When his own officers asked why teach China and risk being outdone, Lee answered: “This is a chance for us to get a foot in China at a time when they don’t know how to do it. They’ve got so many bright fellows… you can’t prevent them from coming to Singapore with a camcorder. So, we might as well do this for them.”
More joint projects followed: the Tianjin Eco-city in 2007, the Guangzhou Knowledge City, the Chengdu High-Tech Park. Each one connected Singapore and China at multiple levels of government.
The Singapore Model: Why China Cared
So why did Chinese leaders keep coming back to Singapore for ideas? Singapore proved you could have a prosperous, well-governed society without Western-style liberal democracy. One-party rule, free markets, rule of law, low corruption. That’s exactly what China’s Communist Party wanted to believe was possible.
Lee argued that Asian countries didn’t need to copy the Western model. He blended Confucian values like collectivism and family with Western concepts like rule of law and transparency. This “soft authoritarianism” resonated deeply with Chinese leaders.
When Lee died in 2015, People’s Daily highlighted four of his legacies China was following: social stability, smooth political transitions, clean government, and rule of law. Xi Jinping’s anti-corruption campaign was basically Lee’s “netting big fish” approach at Chinese scale.
Bridge Builder: Between China and Taiwan, Between East and West
Lee played a quiet but important role in cross-strait relations. He helped arrange the 1993 Wang-Koo Summit in Singapore, the first high-level dialogue between mainland China and Taiwan. Singapore recognized “One China” but maintained practical ties with Taiwan, including military training there for nearly 30 years. Lee’s advice was simple: economic integration, not force, would bring the two sides closer.
He also served as interpreter between China and the West. When Jiang Zemin held his hand at dinner and asked, “Tell me, what does the West really think of us?”, Lee answered: “Really, they’re fearful of you once you get your act going.” At the same time, he told Western leaders that China’s growth was real and trying to contain it was a mistake.

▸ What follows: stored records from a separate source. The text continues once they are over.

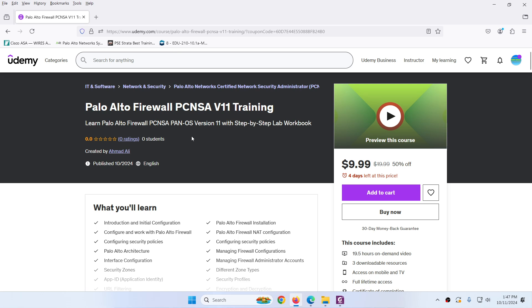Hi everyone, my new course Palo Alto Firewall PCNSA version 11 training is now available on Udemy. I recently uploaded.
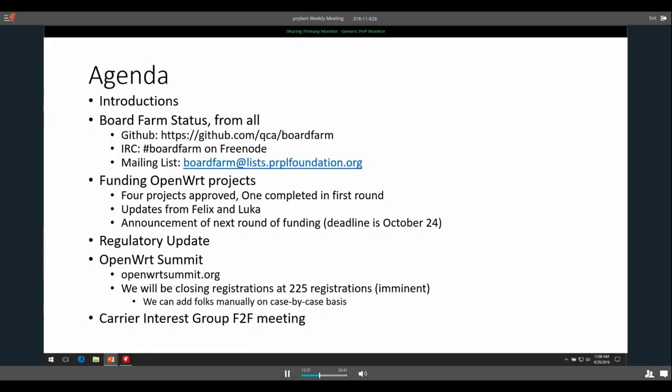Anyone else doing stuff related to board farm? Update from us — we're just churning through the tests, making sure we try and get as many passing as possible. And slightly related, we're pushing up CI40 support on OpenWRT as well. At the moment we're running something like 40 tests on CI on the board farm setup. We're just trying to get all of them working.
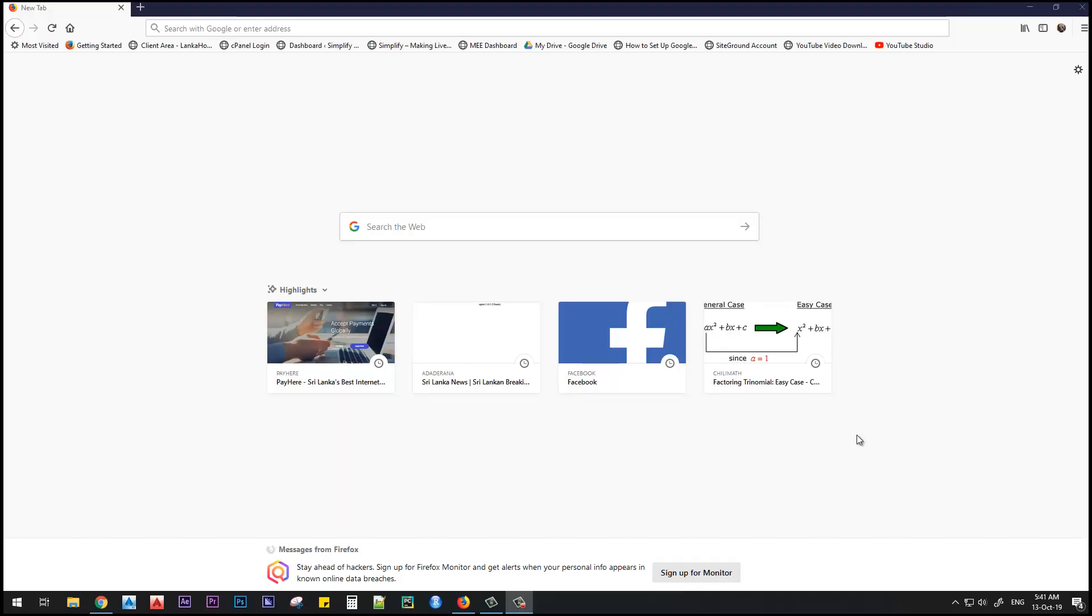Hello and welcome to my YouTube channel SimplifyX. In this tutorial, we'll discuss how to send large files via Gmail to your colleagues. Let's get started.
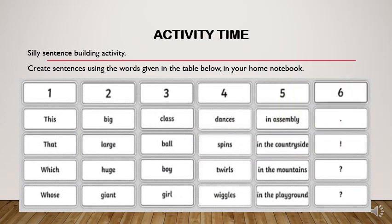Now that you have learned the four different types of sentences, I have a small activity for you. The name of the activity is sentence building activity. You need to create four types of sentences — two with a question mark, one with an exclamation mark, and one with a full stop. There are words given in the table; you need to mix and match and create a meaningful sentence. You can do this activity in your home rough note and bring it to school on the first day of opening. Thanks a lot for watching the video. Hope to see you soon.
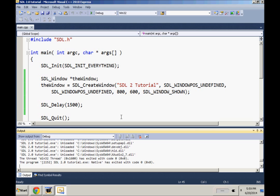Anyways, this is the basics of getting a window up there. It's gonna give you an 800 by 600 window of SDL 2 Tutorial up there. You can modify this on your own before delving deeper into the next tutorial.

Former German Chancellor Helmut Schmidt said Lee inspired him to visit China over a dozen times. Harvard’s Graham Allison wrote that no one outside the US had greater influence on American policy toward a rising China than Lee.
Singapore’s bilingual policy helped too. When Hu Jintao sat next to PM Lee Hsien Loong at an APEC dinner and they spoke Mandarin, it created a connection that English-only diplomacy simply couldn’t.
So What’s Next?
The chapter ends with a question. Xi Jinping told Lee in 2008: “We will need you for a long time… We get more from you than from America.” But China is growing fast and learning from everyone now. Will Singapore stay relevant?
The authors think yes, as long as Singapore keeps doing what Lee did: blending Western practice with Asian values, staying useful as a gateway between China and the world. Lee’s personal touch is gone, but the institutional connections, the joint projects, and the trust he built remain.
Lee described Xi as someone with “iron in his soul,” comparing him to Nelson Mandela. Whether that comparison ages well is another question entirely. But the relationship Lee built between Singapore and China? That has held up remarkably well.